The computational complexity of the CRC method is O(n^3), where n represents the number of degrees of freedom. This implies that the computational cost scales cubically with the degrees of freedom. In contrast, the computational complexity of the ABA is O(n). Thus, the ABA offers superior efficiency compared to the CRC for high-degree-of-freedom systems.

Nevertheless, the mass matrix and its inverse are critical for computing numerous contact-related properties required by contact solvers. This necessitates the use of the CRC combination in older versions of RaiSim and other simulators. Since standard ABA does not yield these properties, it was historically less applicable to rigid-body simulation with contacts.

RaiSim v2.0.0 is equipped with a family of novel algorithms that compute contact-related properties with O(n) complexity. These algorithms do not explicitly compute the mass matrix or its inverse (which contain n^2 elements and cannot be computed in O(n)). Instead, they calculate only the specific properties required by the RaiSim contact solver. Consequently, RaiSim (>v1.1) computes the entire forward dynamics of an articulated system, including contact-related properties, with O(n) complexity. The specifics of these algorithms and their computations are proprietary. No materials related to these algorithms have been published.

Performance Factors

Rigid-body simulators typically comprise four major computational units:

  1. Collision detection: O(n^2)

  2. Forward dynamics computation: O(n)

  3. Contact properties computation: O(nm)

  4. Contact solver: O(???)

Here, n represents the degrees of freedom, and m represents the number of contact points.

In many robotic simulations, collision detection (1) consumes the majority of computational resources. It is recommended to model only essential collision bodies. Failure to do so negates the benefits of the optimized rigid-body simulation pipeline in 2, 3, and 4.

In the absence of collisions, simulation time should scale roughly linearly with the degrees of freedom of the system. The following plot illustrates this scaling.

Chain simulation speed

As demonstrated above, a 60-DoF system can be simulated at 114 kHz.

The model utilized in the aforementioned benchmark lacks collision bodies. For a large system such as the 60-DoF chain, collision detection would dominate the computation time. Therefore, minimizing the number of collision bodies is crucial.

The new simulation scheme demonstrates superior average performance compared to the legacy scheme. However, unit 3 (contact properties computation) was faster in the legacy scheme because the pre-computed inverse mass matrix facilitated this step. Although our O(n) algorithm performs comparably to the legacy scheme even without the inverse mass matrix, a marginal difference remains. Consequently, the legacy scheme may exhibit higher performance in scenarios involving a large number of contact points.

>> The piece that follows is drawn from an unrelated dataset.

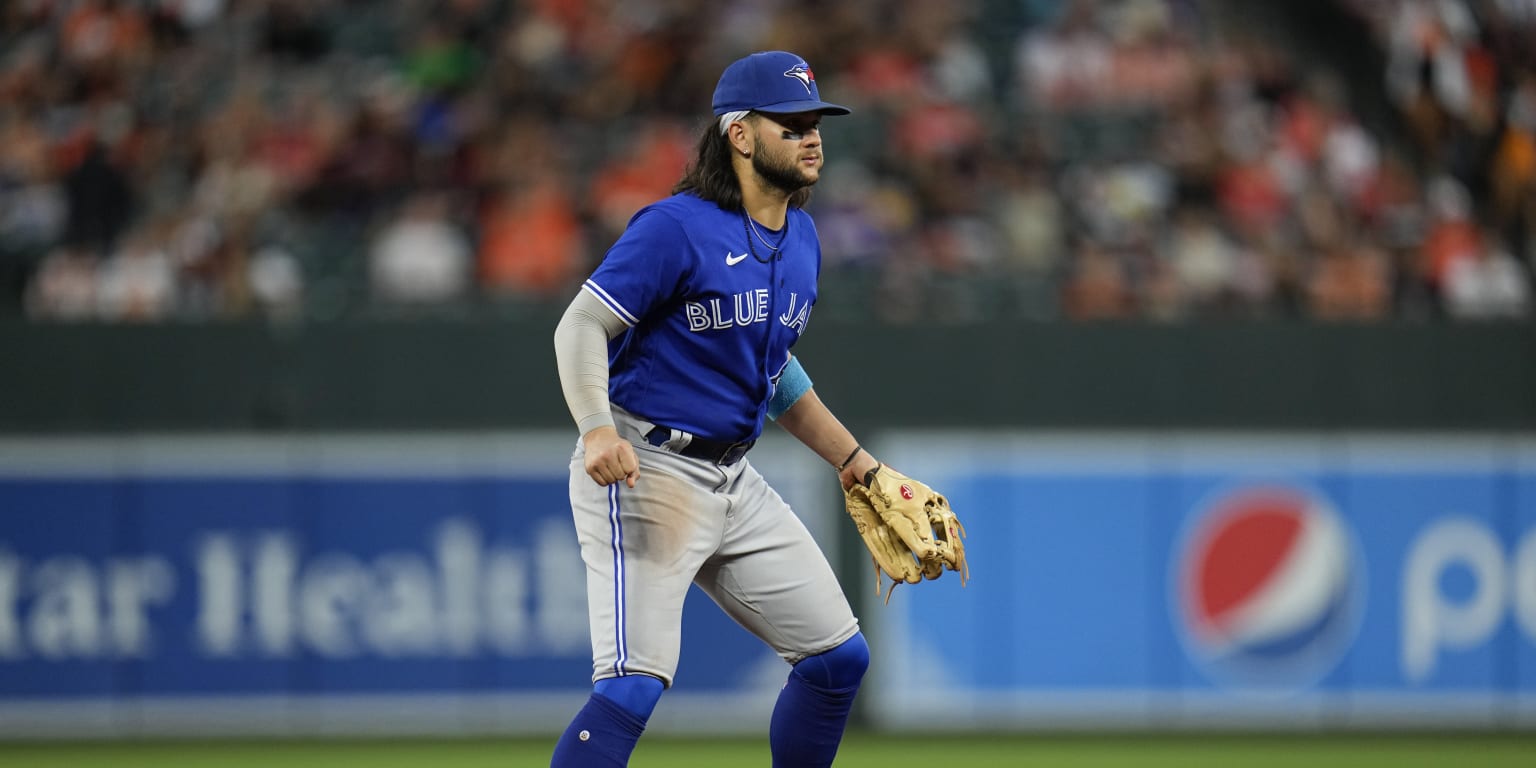 "Blue Jays' Bo Bichette sidelined with quad strain"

For the ANYmal robot without collision, the new scheme executes at 318 kHz. This represents an improvement over the legacy version, which ran at 272 kHz.

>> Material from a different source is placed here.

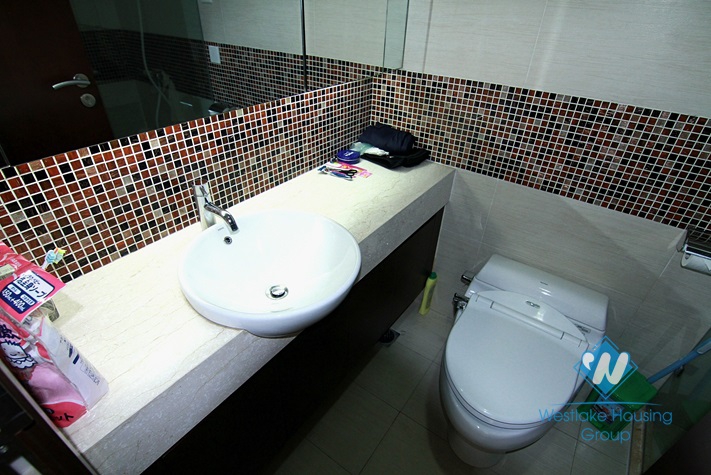 Lovely 3 bedrooms apartment for rent in Hoa Binh Green, Ba Dinh, Ha Noi.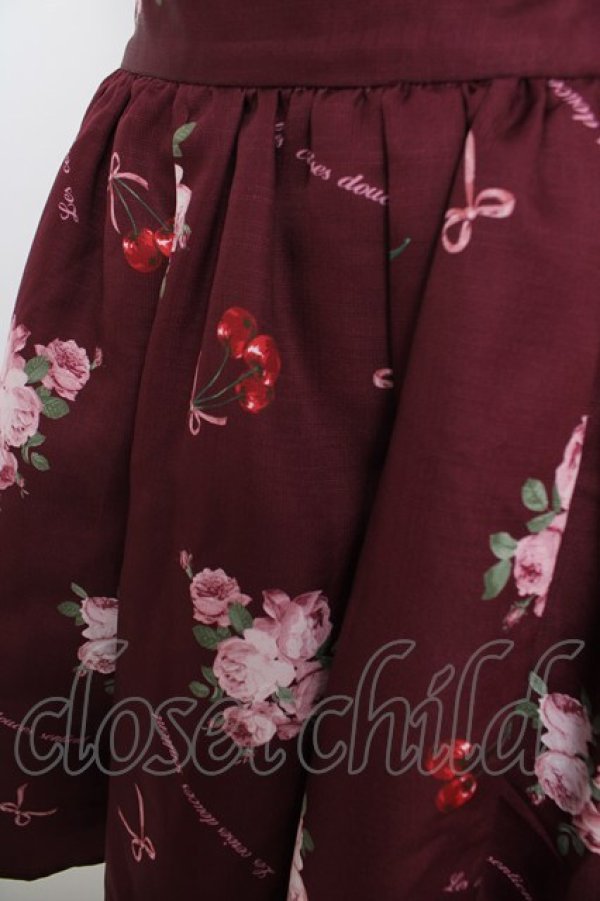 画像3: Ank Rouge / Cherry Roseスカート M ボルドー Y-26-03-24-127-CA-SK-SZ-ZY (3)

All simulation benchmarks were conducted on a single core of an AMD Ryzen 3950X, which offers respectable but not industry-leading single-thread performance. Currently, the Apple M2 processor demonstrates the highest single-thread performance for RaiSim. The ANYmal simulation without contacts achieves 380 kHz on the M1 chip.

Linux and macOS are the preferred platforms for high-speed simulation applications. Performance on Windows may be reduced due to compilation with MSVC, which generally applies less aggressive optimization to mathematical operations compared to other compilers.

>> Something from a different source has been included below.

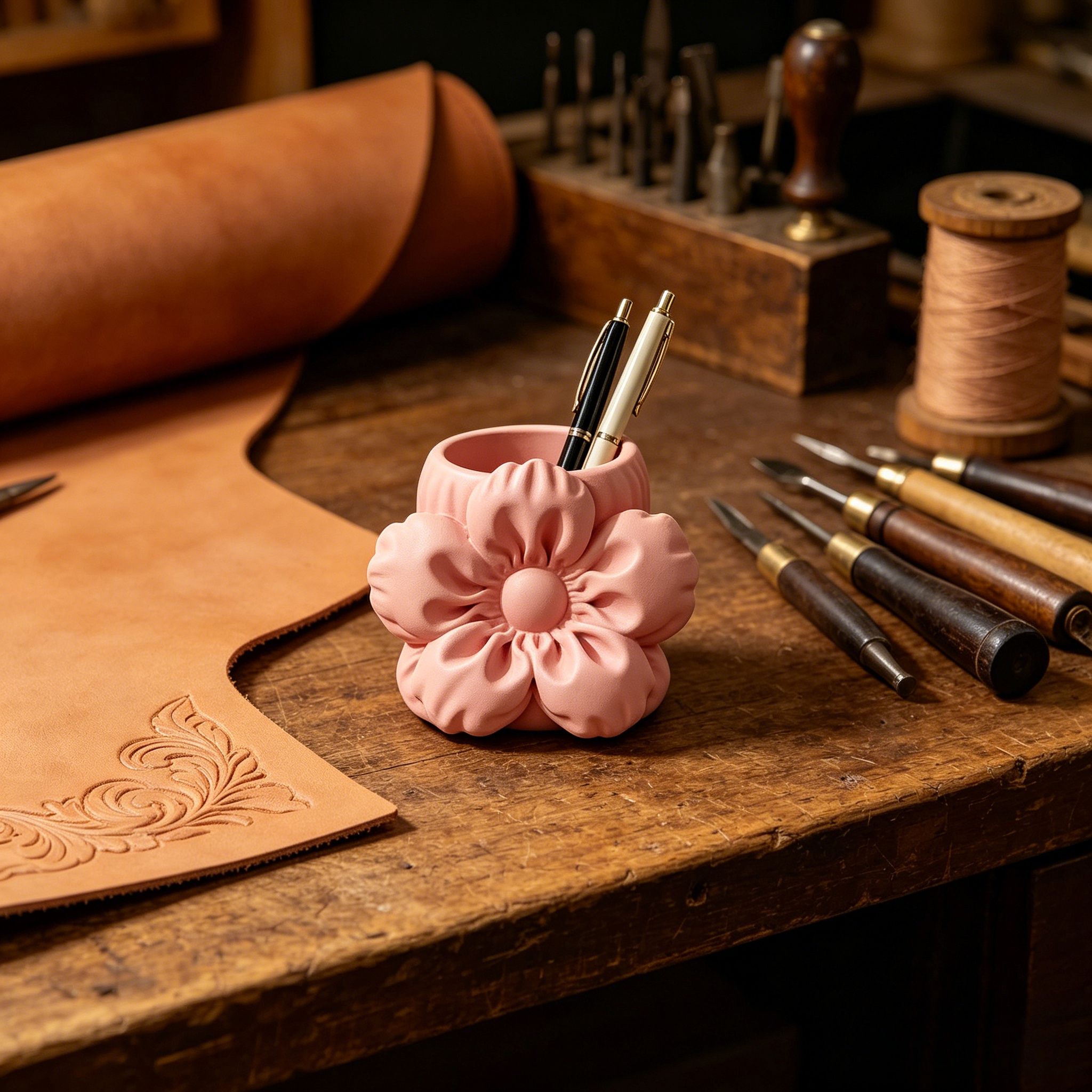 Pen Holder Pink Flower Novelty - Tablet Reading Accessories incelemesi ve fiyatı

The computational cost of unit 4 (contact solver) becomes significant when there are more than 10 coupled contact points. Therefore, identifying and eliminating unnecessary contact points is important. The computational cost of 4 depends on the nature of the coupling. If contact points are uncoupled, the cost is O(n). However, if they are highly coupled, the problem becomes NP-hard, implying that the computational cost no longer follows a polynomial relationship.